Marie Françoise Vital Metellus, de l’Unité Genre, et Veronica Espinosa, de la Section Assistance Electorale, ont abordé la problématique de la participation des femmes en politique en partant du vécu des participantes, révélé à travers le partage de leurs expériences.
Après avoir passé en revue les causes les plus courantes de la faible participation des femmes, il a été demandé à l’assistance d’identifier des pistes de solutions précises. «Il faut que les femmes trouvent elles mêmes des solutions aux barrières qui les empêchent de participer équitablement dans la vie socioéconomique et politique du pays. C’est la seule façon de leur faire comprendre pourquoi et comment il faut agir», ont-elles soutenu.

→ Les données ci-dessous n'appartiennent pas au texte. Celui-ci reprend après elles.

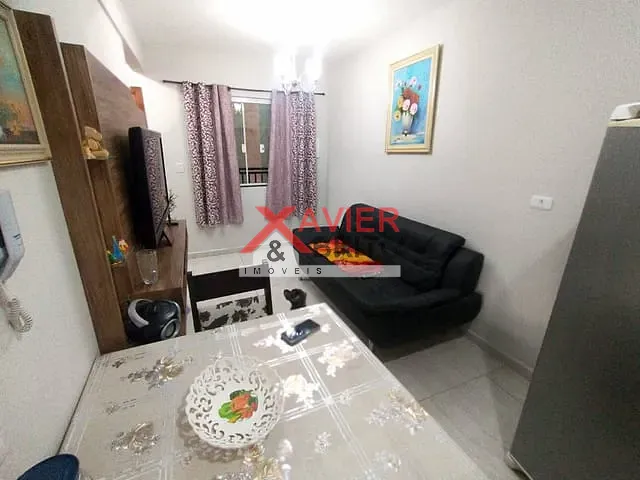 Apartamento 1 quarto e 1 banheiro, à venda, no bairro Vila Matilde em São Paulo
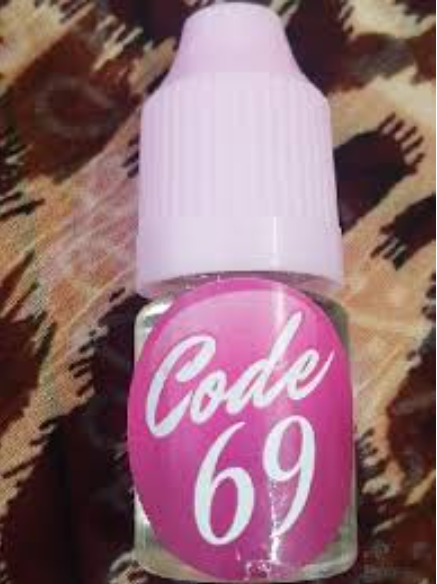 Buy Code 69 Liquid Incense 5ml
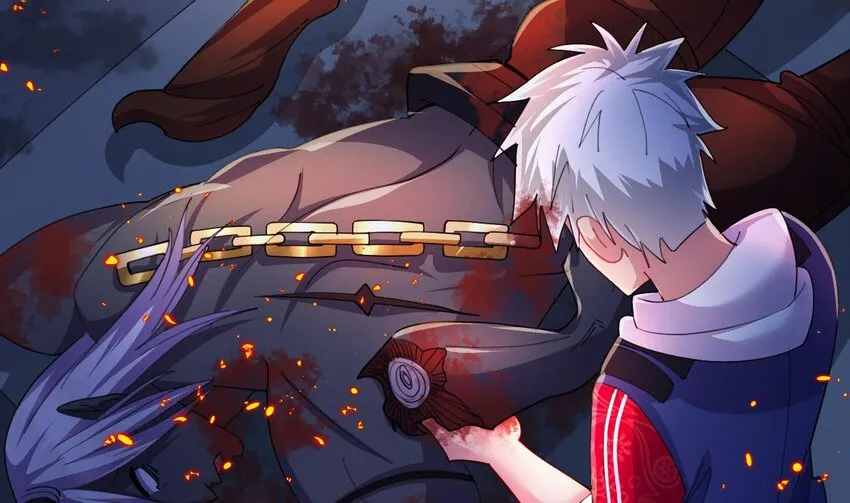 4 第2话 学委的邀约 第8页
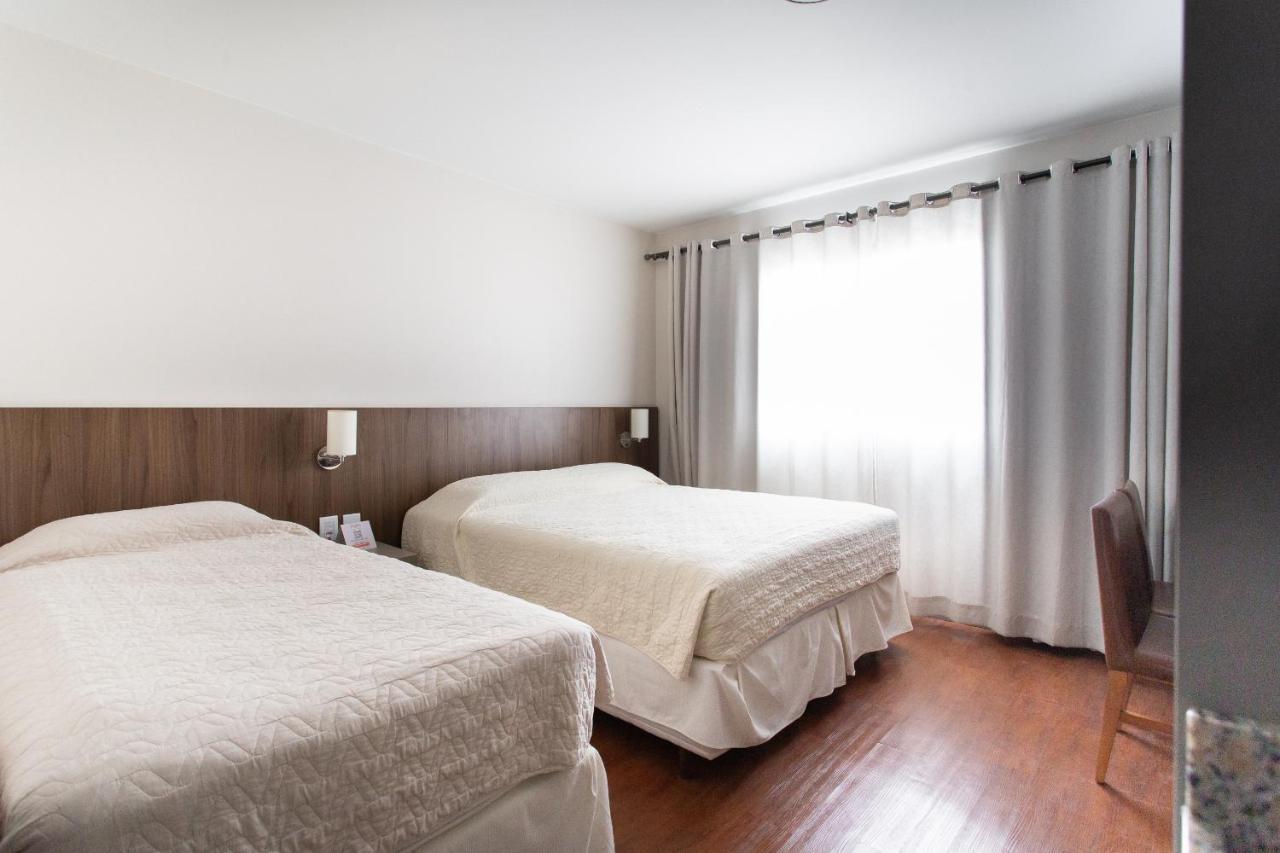 Hotel Dom Rafael Premium Santa Maria  Luaran gambar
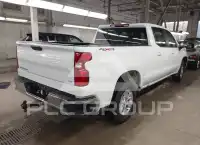 2026 Chevrolet Silverado фото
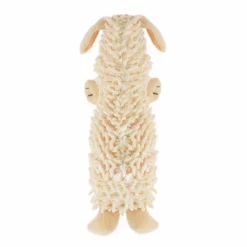 Hundleksak Rosewood Noodle Buddy Beige 21cm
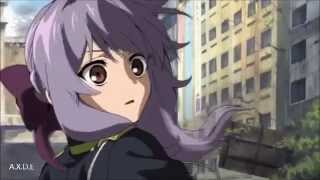 Owari No Seraph AMV ~ Be Somebody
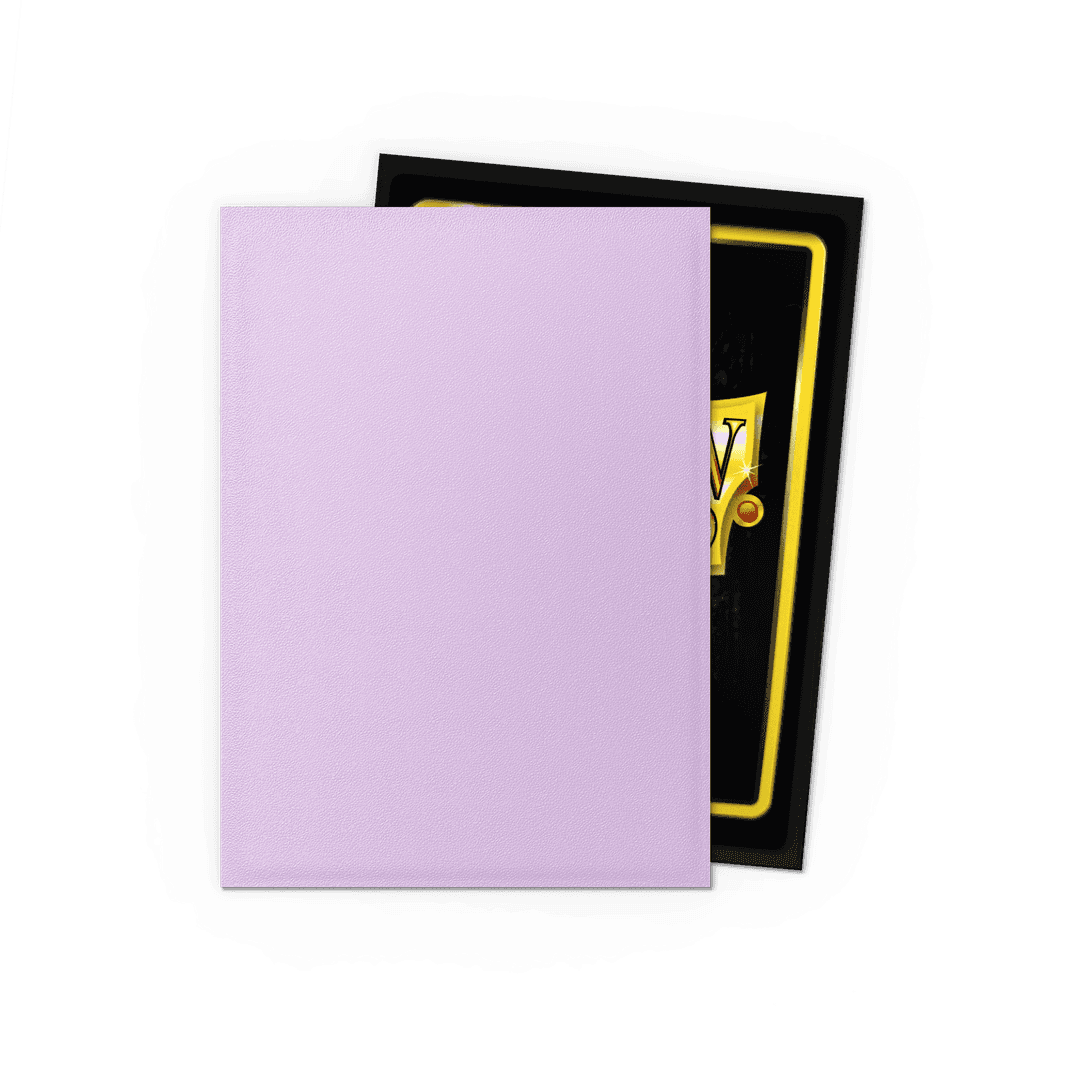 Dragon Shield Dual Matte Orchid (100)
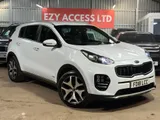 2018 KIA Sportage thumbnail 3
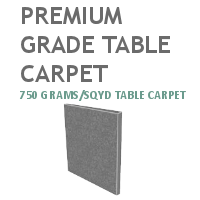 Premium Grade Carpet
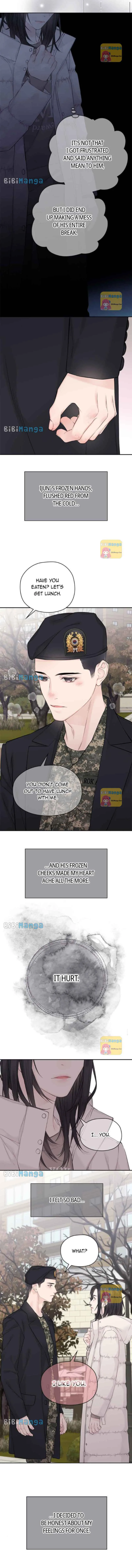As If Love Doesn’t Exist Chapter 19 page 11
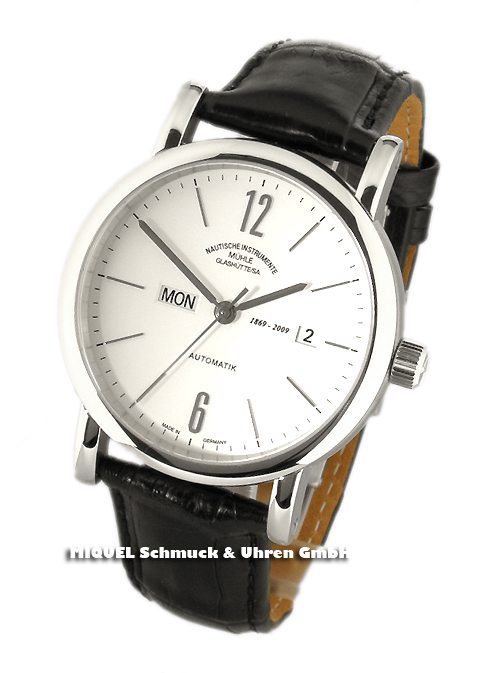 Muehle Glashuette Robert Mühle day/date limited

Le niveau d’instruction en général moins élevé que celui de l’homme et le rôle de la femme au sein de la famille ont été parmi les principaux obstacles soulevés. «Il est plus probable qu’une femme des Cayes décide de travailler dans sa commune en postulant pour un poste local qu’une femme, à Port-au-Prince, brigue un mandat de député», a fait remarquer un membre de l’assistance.
Des pistes de solution ont été dégagées comme la nécessité de sensibiliser les institutions étatiques pour l’établissement d’une politique de recrutement plus équitable, ou encore, promouvoir la candidature des femmes à des postes électifs.
Les discussions ont aussi mis en relief la nécessité pour les institutions étatiques d’investir dans l’éducation féminine en mettant sur pied des centres de formation et des institutions accessibles aux femmes.
Murielle Présulmé, Directrice du Ministère à la Condition Féminine et aux Droits de la Femme, a encouragé les femmes à s’organiser et à entreprendre des activités génératrices de revenues, leur permettant d’accroître leur indépendance économique et éventuellement la possibilité de prendre part à la vie politique du pays.